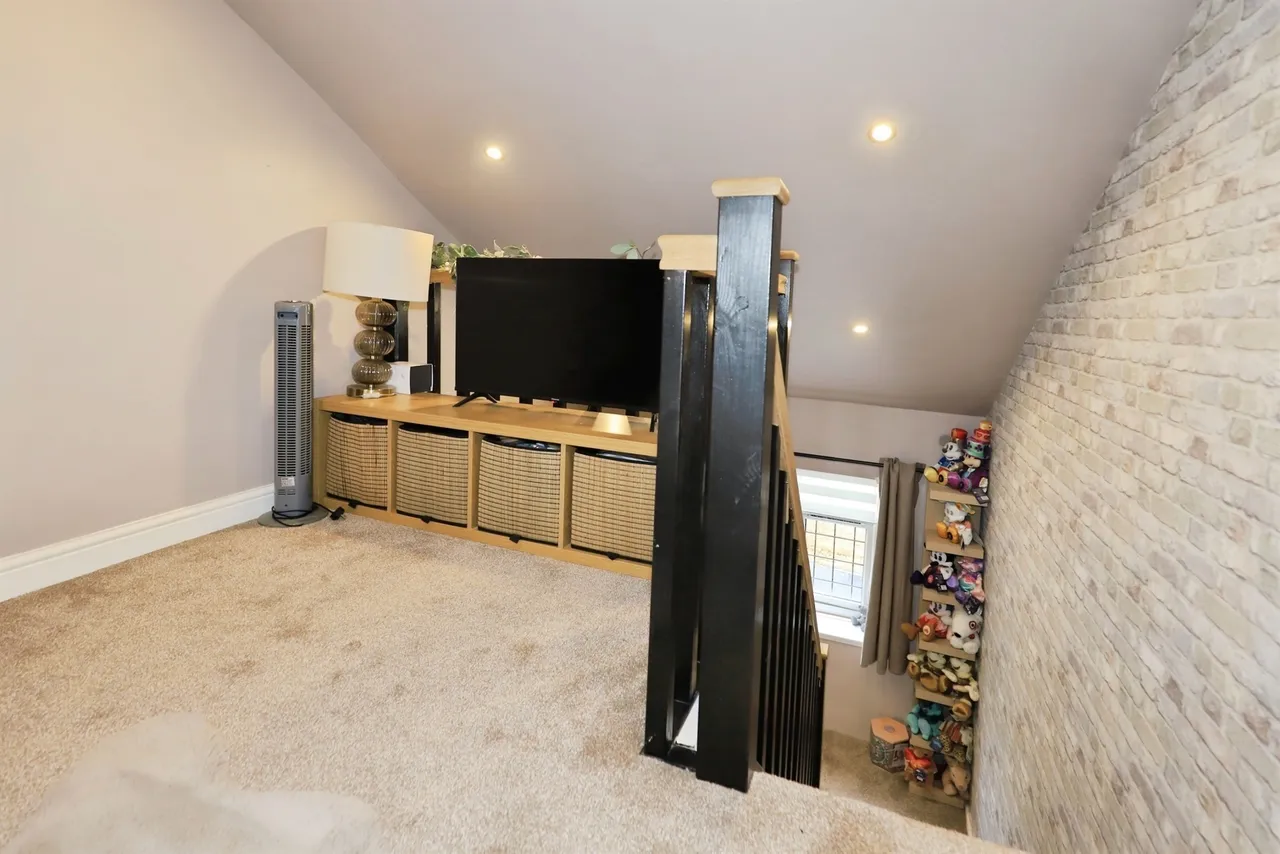 Winnall Close, Bilston, WV14, photo 25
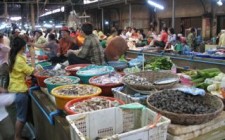 Bargaining in Southeast Asia market-siem-reap-photo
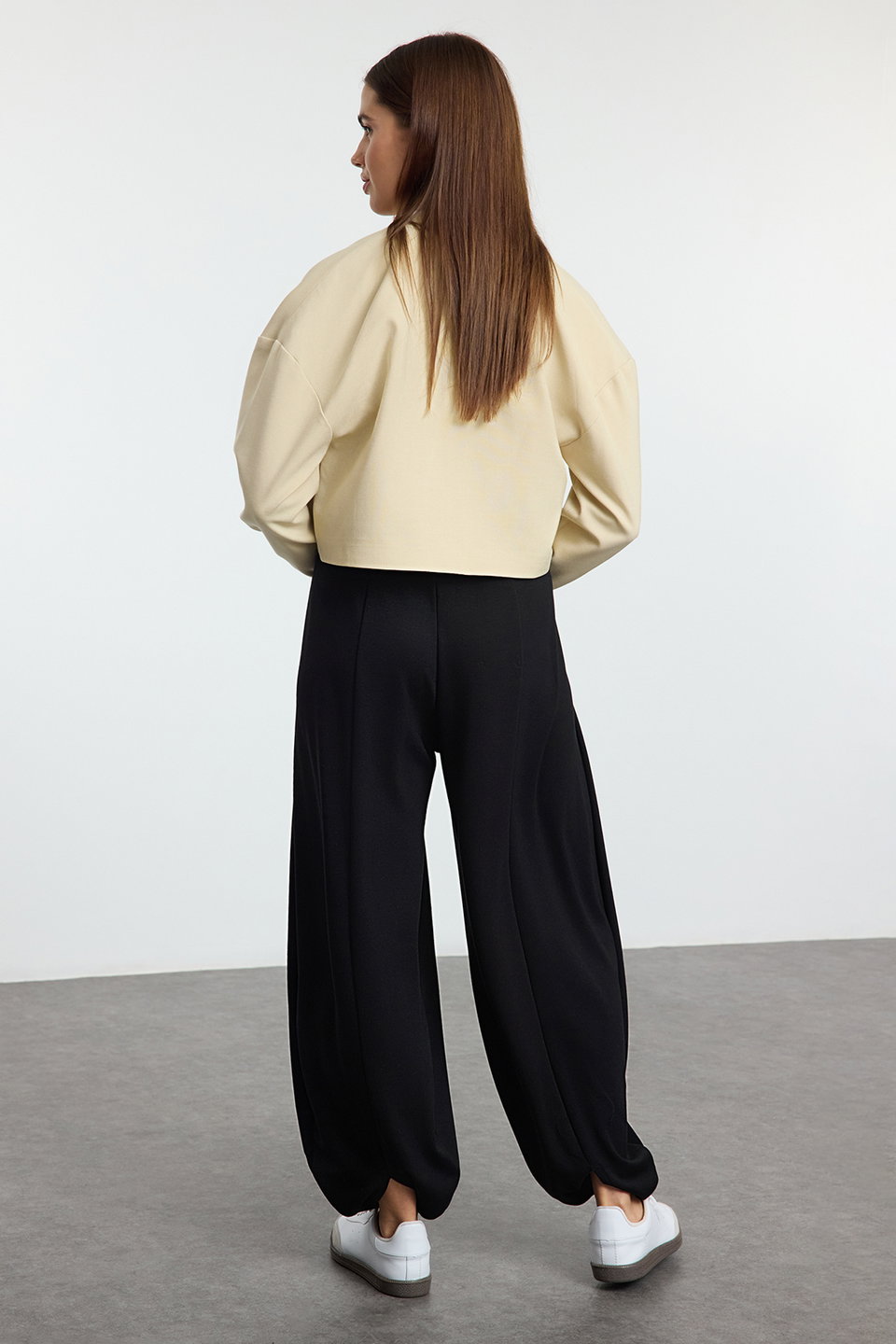 Soft Touch Carrot/Shalwar Pattern Flexible Knitted Sweatpants Trousers TWOAW25EA00001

────────

▶ [What is needed]:
Print the lines from the one that contains "Bargaining in Southeast" through the last line of the data, exactly and in full, and no other lines. Pictures are not part of the copy.

▶ [Answer to the exercise]:
 Bargaining in Southeast Asia market-siem-reap-photo
 Soft Touch Carrot/Shalwar Pattern Flexible Knitted Sweatpants Trousers TWOAW25EA00001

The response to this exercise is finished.